--- START ---

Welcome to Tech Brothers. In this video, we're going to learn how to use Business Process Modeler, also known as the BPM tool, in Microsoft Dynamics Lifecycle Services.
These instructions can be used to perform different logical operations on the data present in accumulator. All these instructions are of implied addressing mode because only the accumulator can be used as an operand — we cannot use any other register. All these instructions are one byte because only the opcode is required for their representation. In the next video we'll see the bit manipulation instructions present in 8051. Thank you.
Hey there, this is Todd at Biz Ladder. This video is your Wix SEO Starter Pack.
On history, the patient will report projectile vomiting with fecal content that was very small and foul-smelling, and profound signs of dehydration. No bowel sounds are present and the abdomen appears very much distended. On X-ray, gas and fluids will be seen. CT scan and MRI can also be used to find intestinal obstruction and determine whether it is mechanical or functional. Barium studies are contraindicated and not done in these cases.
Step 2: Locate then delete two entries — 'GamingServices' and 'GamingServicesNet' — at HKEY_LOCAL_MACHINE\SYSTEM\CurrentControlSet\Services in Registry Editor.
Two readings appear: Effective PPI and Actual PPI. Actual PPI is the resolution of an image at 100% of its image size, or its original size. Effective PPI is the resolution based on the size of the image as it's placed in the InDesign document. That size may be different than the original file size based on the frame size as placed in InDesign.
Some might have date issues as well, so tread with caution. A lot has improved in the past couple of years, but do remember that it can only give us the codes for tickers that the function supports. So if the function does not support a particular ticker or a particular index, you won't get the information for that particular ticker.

--- END ---
--- START ---

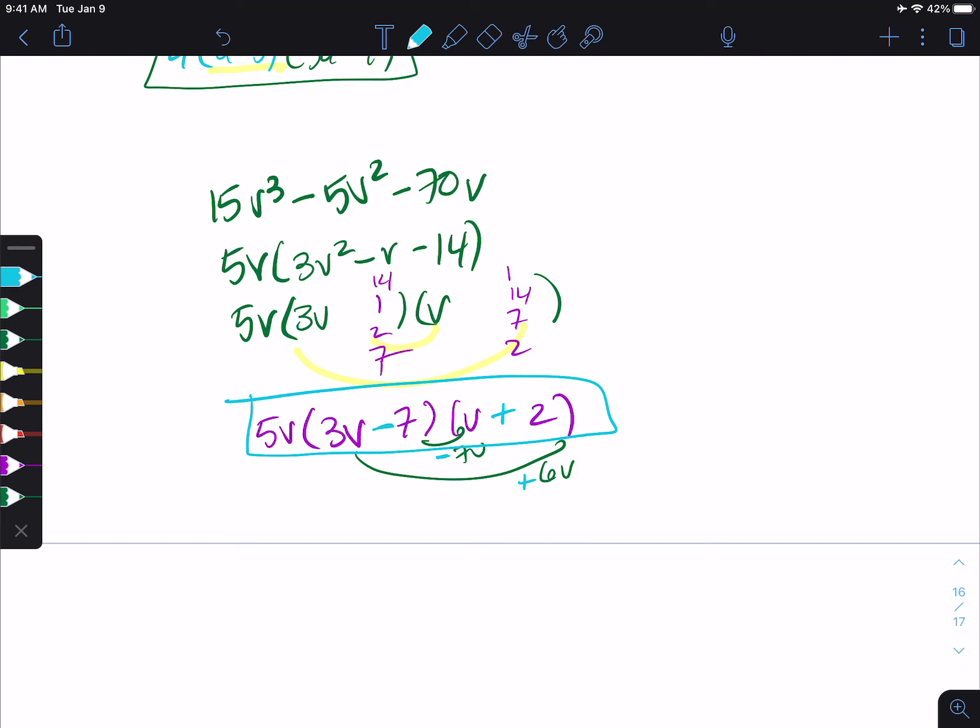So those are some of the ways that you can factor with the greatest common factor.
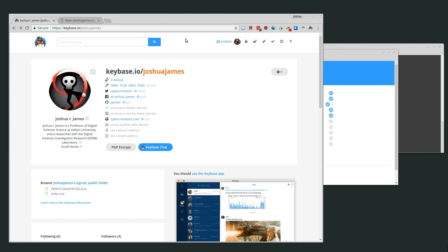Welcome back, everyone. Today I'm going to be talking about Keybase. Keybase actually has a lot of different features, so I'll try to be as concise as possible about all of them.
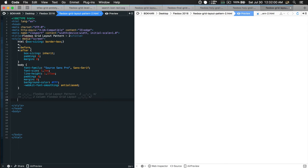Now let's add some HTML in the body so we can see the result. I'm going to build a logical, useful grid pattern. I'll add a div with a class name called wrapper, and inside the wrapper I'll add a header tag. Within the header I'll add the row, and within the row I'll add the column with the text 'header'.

--- END ---
--- START ---

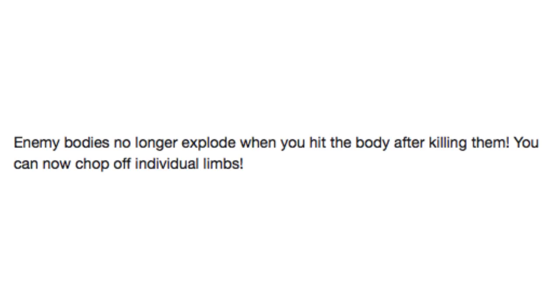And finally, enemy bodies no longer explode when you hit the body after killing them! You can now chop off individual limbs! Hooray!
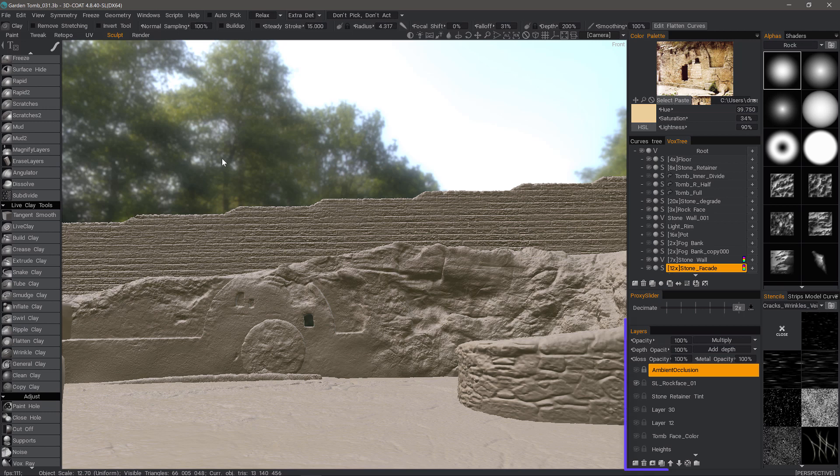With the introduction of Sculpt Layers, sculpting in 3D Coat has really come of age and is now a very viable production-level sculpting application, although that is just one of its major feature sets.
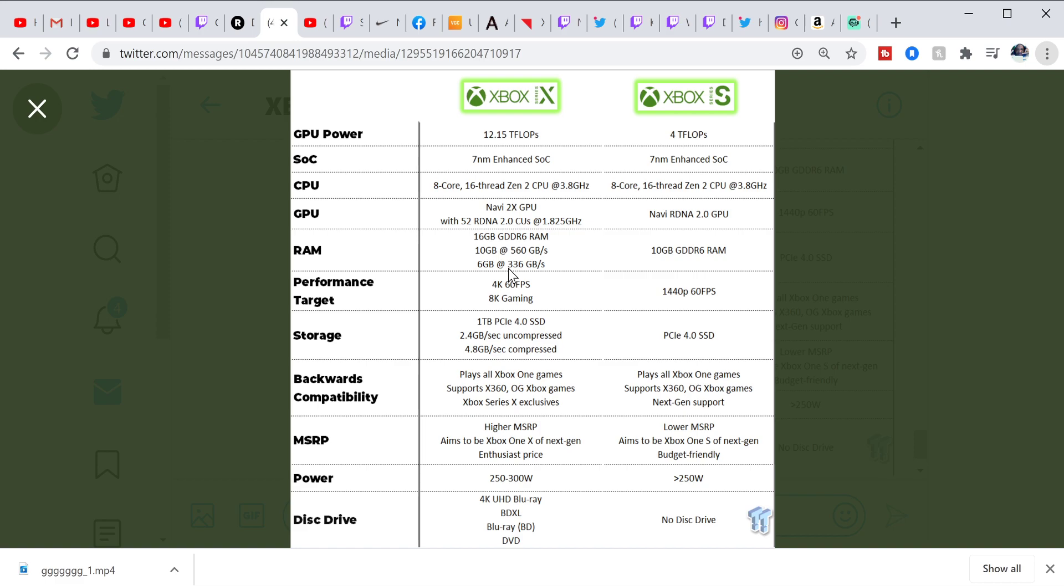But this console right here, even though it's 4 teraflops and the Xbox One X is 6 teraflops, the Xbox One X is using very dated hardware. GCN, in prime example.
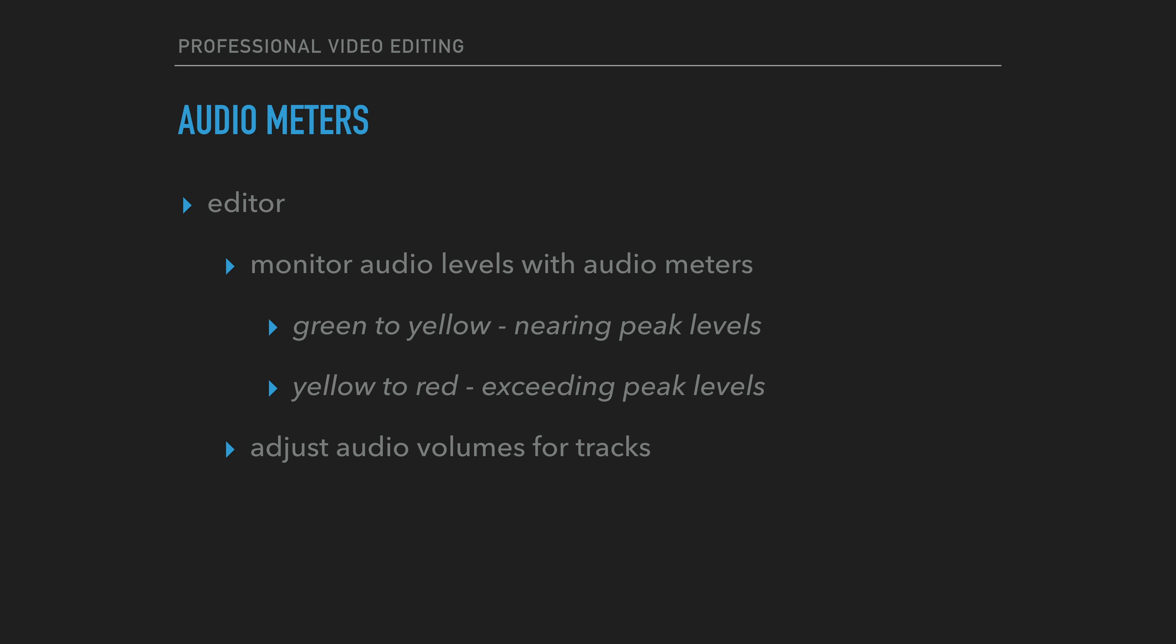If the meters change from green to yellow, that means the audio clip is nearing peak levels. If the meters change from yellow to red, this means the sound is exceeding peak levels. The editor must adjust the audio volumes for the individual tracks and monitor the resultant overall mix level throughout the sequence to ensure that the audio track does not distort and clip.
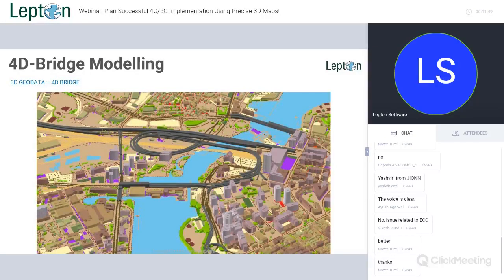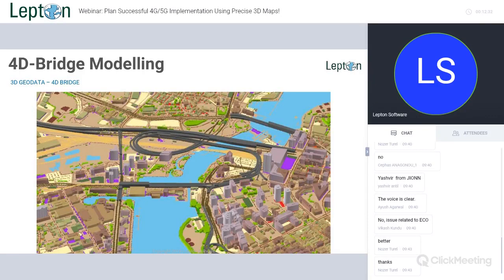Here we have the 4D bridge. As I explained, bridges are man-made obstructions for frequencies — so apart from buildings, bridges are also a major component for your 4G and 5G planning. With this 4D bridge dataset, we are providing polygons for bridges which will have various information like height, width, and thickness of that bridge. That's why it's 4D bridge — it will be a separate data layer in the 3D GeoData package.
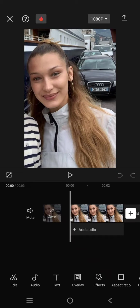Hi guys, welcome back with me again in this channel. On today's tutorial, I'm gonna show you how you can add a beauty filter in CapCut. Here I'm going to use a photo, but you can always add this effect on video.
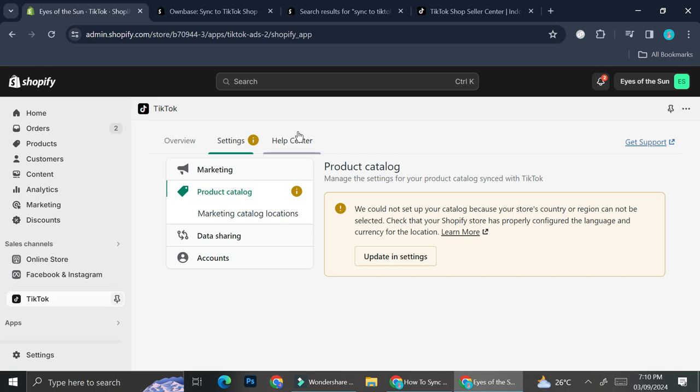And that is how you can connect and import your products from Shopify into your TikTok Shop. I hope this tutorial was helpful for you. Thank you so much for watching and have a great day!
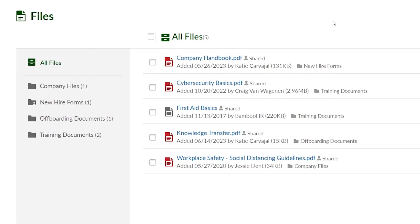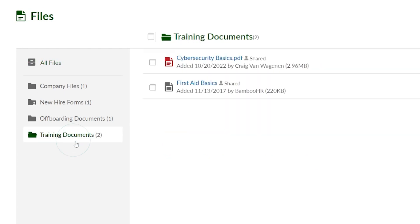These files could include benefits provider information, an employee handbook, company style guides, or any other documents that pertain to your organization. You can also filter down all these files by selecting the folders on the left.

--- END ---

▶ [The problem] Match on "Services": copy every line in the records that has it.

▶ [Answer below]
Welcome to Tech Brothers. In this video, we're going to learn how to use Business Process Modeler, also known as the BPM tool, in Microsoft Dynamics Lifecycle Services.
Step 2: Locate then delete two entries — 'GamingServices' and 'GamingServicesNet' — at HKEY_LOCAL_MACHINE\SYSTEM\CurrentControlSet\Services in Registry Editor.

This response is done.